» **What is needed**
When you copy the data that follows, reproduce every word exactly and leave out the images.

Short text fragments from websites
=====
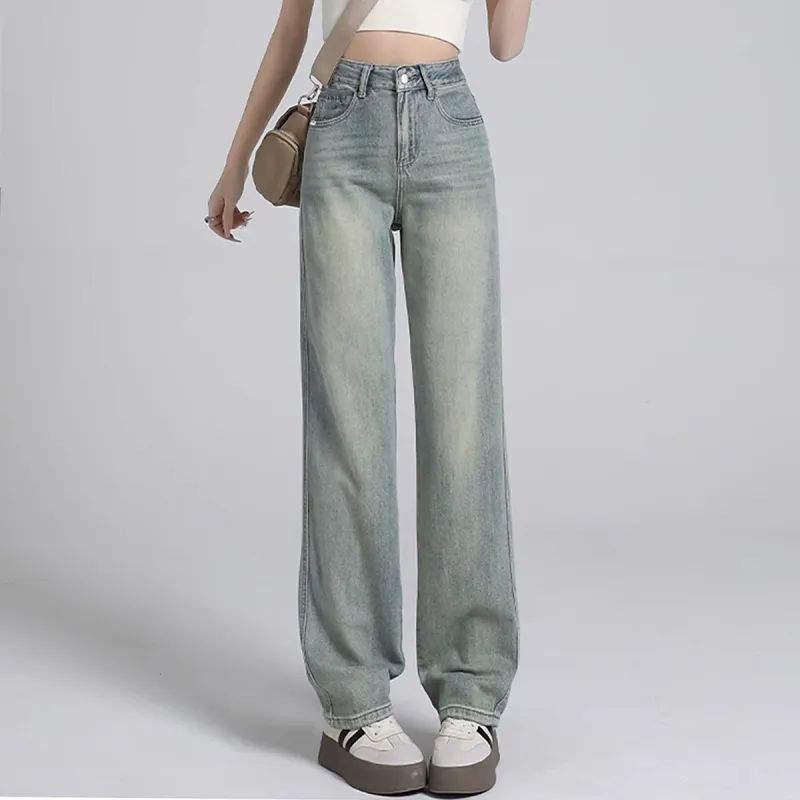 Ya Sheep People Spring And Summer Jeans Regular Women's Blue-5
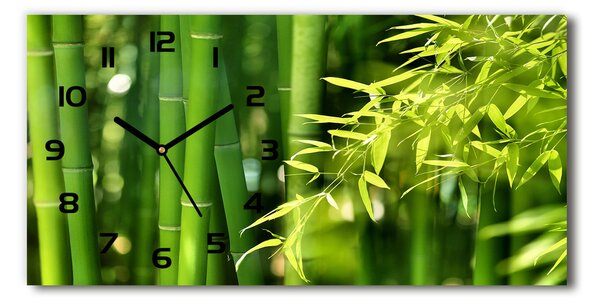 Vodorovné Moderné sklenené hodiny na stenu Bambus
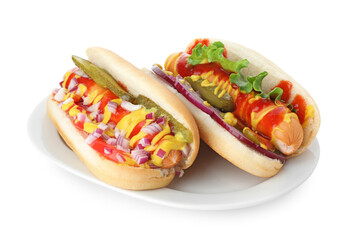 Tasty hot dogs with vegetables, mustard and ketchup isolated on white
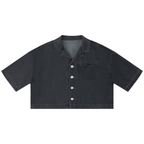 Camicia corta boxy da donna con lavaggio vintage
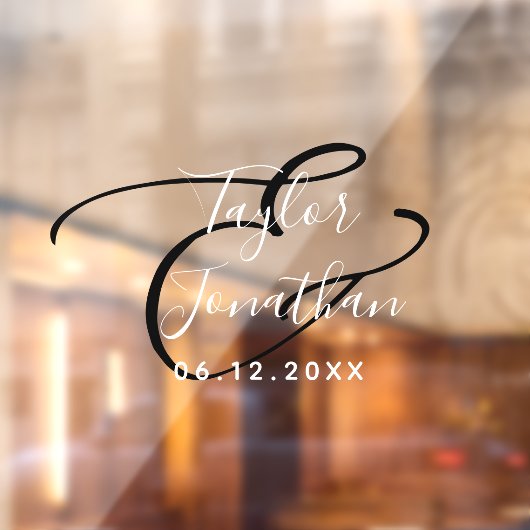 Personalisierte Schwarz-Weiß-Minimal-Hochzeit Fensteraufkleber (Blatt 2)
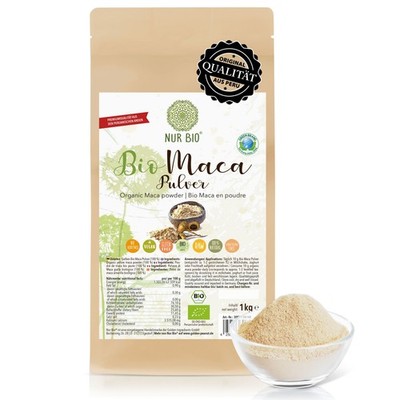 NUR BIO  Bio Maca Pulver 1kg Macawurzel gelb höchste Anbaugebiete Peru Anden
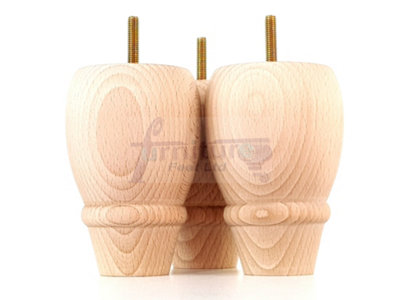 4 REPLACEMENT FURNITURE BUN FEET RAW UNFINISHED TURNED WOODEN LEGS 125mm HIGH M8 PKC342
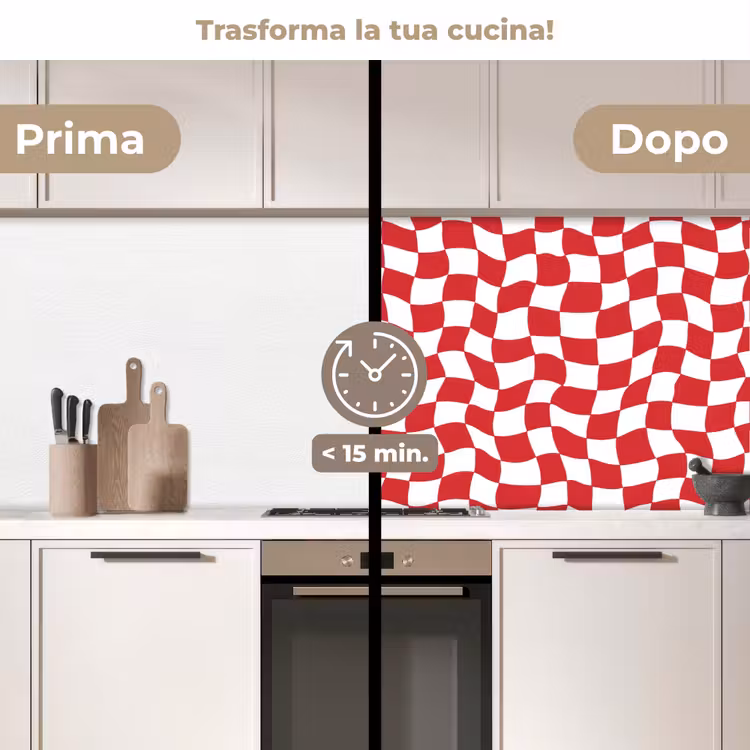 Schienale cucina - Ondulato - Motivo - Rosso — 3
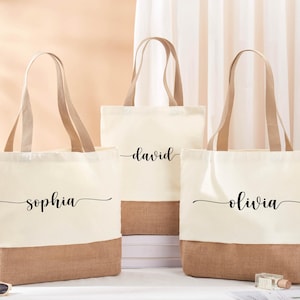 Personalized Bridesmaid Gift Bag with name,Custom Burlap gift Bag,Beach tote bag,Bachelorette Party Bag, Bridesmaid Proposal Gift,Beach Bag
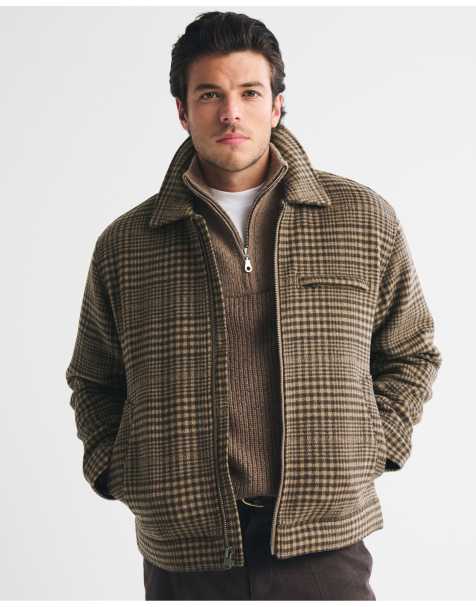 Abercrombie & Fitch Wool-blend zip jacket in light brown plaid - view 1
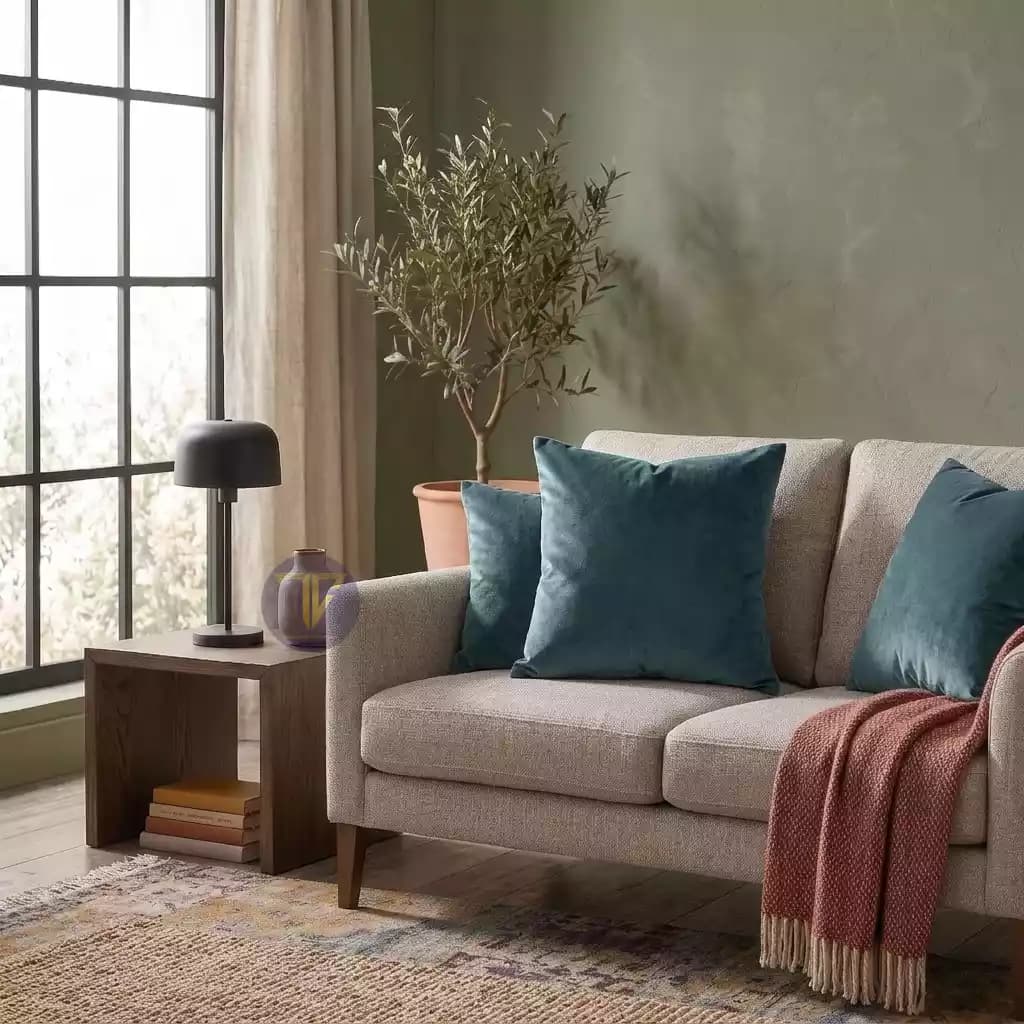 کوسن مخمل 50-50 آبی خاکستری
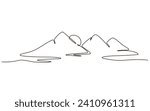 Sun and mountains continuous one line icon drawing on white background. Hot temperature and  travel symbol vector illustration in doodle style. Summer sun contour line sign 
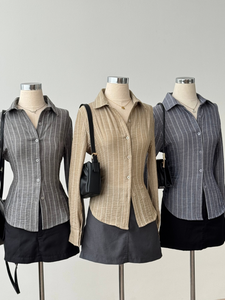Kadaka T-0546 Fitted Shirt Long Sleeve Blouse | Atasan Kemeja Wanita Lengan Panjang | Curated Curriculum Collection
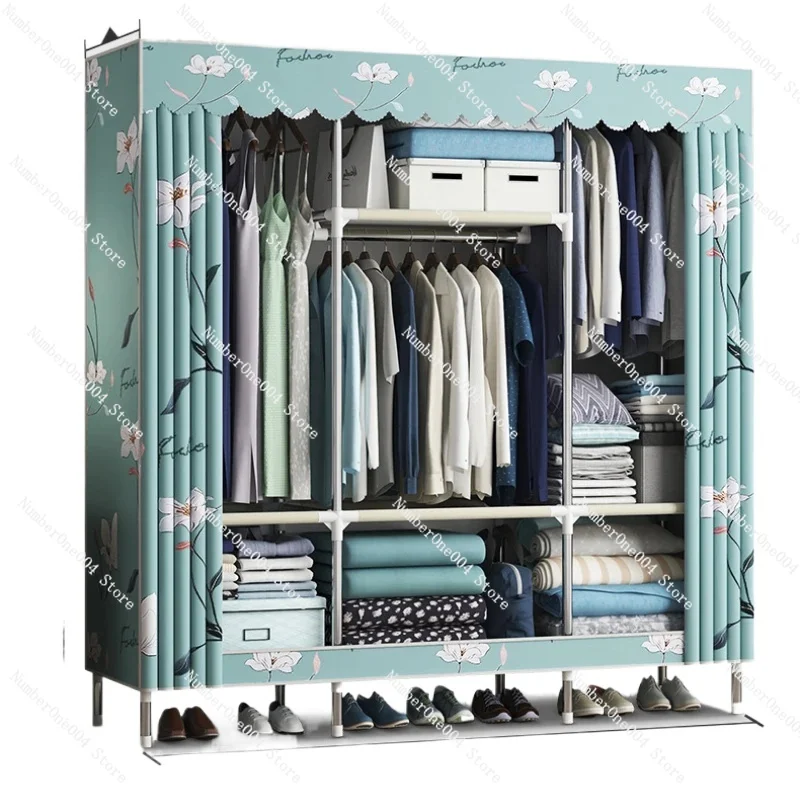 F150x45x170cm Extra Strong Linen Wardrobe Armarios Durable Portable Wardrobe Clothes Storage Organizer Closet with Hanging Rack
=====
» **Answer space**
 Ya Sheep People Spring And Summer Jeans Regular Women's Blue-5
 Vodorovné Moderné sklenené hodiny na stenu Bambus
 Tasty hot dogs with vegetables, mustard and ketchup isolated on white
 Camicia corta boxy da donna con lavaggio vintage
 Personalisierte Schwarz-Weiß-Minimal-Hochzeit Fensteraufkleber (Blatt 2)
 NUR BIO  Bio Maca Pulver 1kg Macawurzel gelb höchste Anbaugebiete Peru Anden
 4 REPLACEMENT FURNITURE BUN FEET RAW UNFINISHED TURNED WOODEN LEGS 125mm HIGH M8 PKC342
 Schienale cucina - Ondulato - Motivo - Rosso — 3
 Personalized Bridesmaid Gift Bag with name,Custom Burlap gift Bag,Beach tote bag,Bachelorette Party Bag, Bridesmaid Proposal Gift,Beach Bag
 Abercrombie & Fitch Wool-blend zip jacket in light brown plaid - view 1
 کوسن مخمل 50-50 آبی خاکستری
 Sun and mountains continuous one line icon drawing on white background. Hot temperature and  travel symbol vector illustration in doodle style. Summer sun contour line sign 
Kadaka T-0546 Fitted Shirt Long Sleeve Blouse | Atasan Kemeja Wanita Lengan Panjang | Curated Curriculum Collection
 F150x45x170cm Extra Strong Linen Wardrobe Armarios Durable Portable Wardrobe Clothes Storage Organizer Closet with Hanging Rack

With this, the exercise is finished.